Friday, April 23, 2010

Cleaning cars

I don't clean my car.

It's always been a kind of "grudge purchase" - or grudge activity I suppose - with me. I never saw the point of washing something that was going to get dirty again more or less immediately. It's not like a freshly-laundered shirt, where you can avoid dropping your dinner down it. At least for a day or so. Usually. No, with a car, you can't avoid the rain, the mud, the fumes, the dust and - most recently - the volcanic ash. Cars get dirty no matter how "careful" you are.

So I don't bother. Unless it's a special occasion. Like the arrival of the outlaws. Which means it might get a wash once a year, if it's lucky. I drive past one of those "best hand job in Manchester" places every day after dropping Nikki at work, but I even begrudge the six quid it would cost me for the minor detour (it's right there on the main road, so only a swerve or two will do it) to let someone else wash it for me.

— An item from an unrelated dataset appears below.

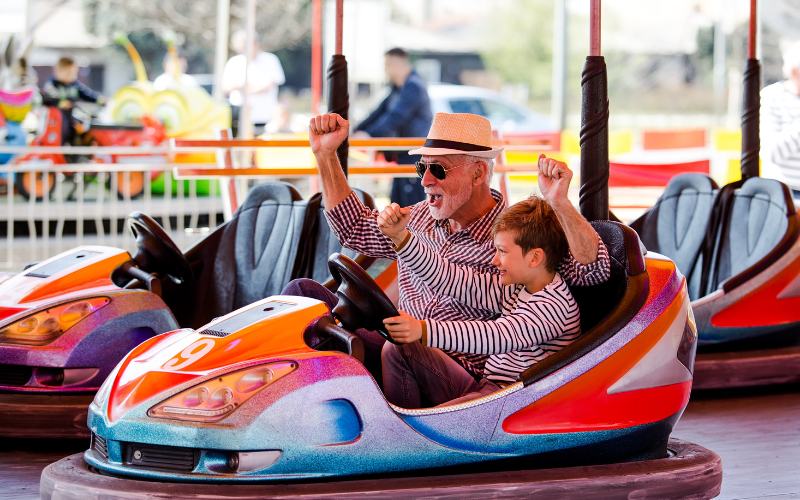 Cấu tạo của xe điện đụng gồm những bộ phận nào?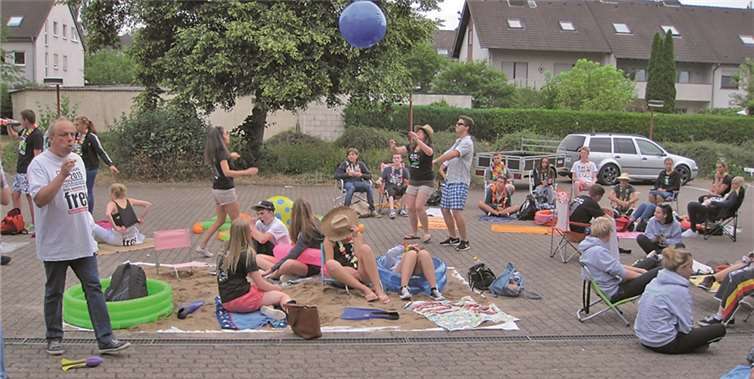 Die Schüler feierten anlässlich ihres Abschlusses eine bunte Beachparty.privat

Don't get me wrong, I understand the attraction of owning and driving a gleaming polished machine. I just can't be arsed.

But I had to smile at the guy I saw pull in there this morning in his soft-top Merc. I mean, to my mind, the damn thing was ALREADY CLEAN.

1 comment:

Don said...

I'm moving more to your feelings on cleaning these things. They are more for moving us around and less than a statement than I used to think they were.
Having said that, I like the look of my 1993 Suzuki Swift better when it's clean than when it's dirty. The rust on the front fenders kind of disappears behind the gleam of the paint!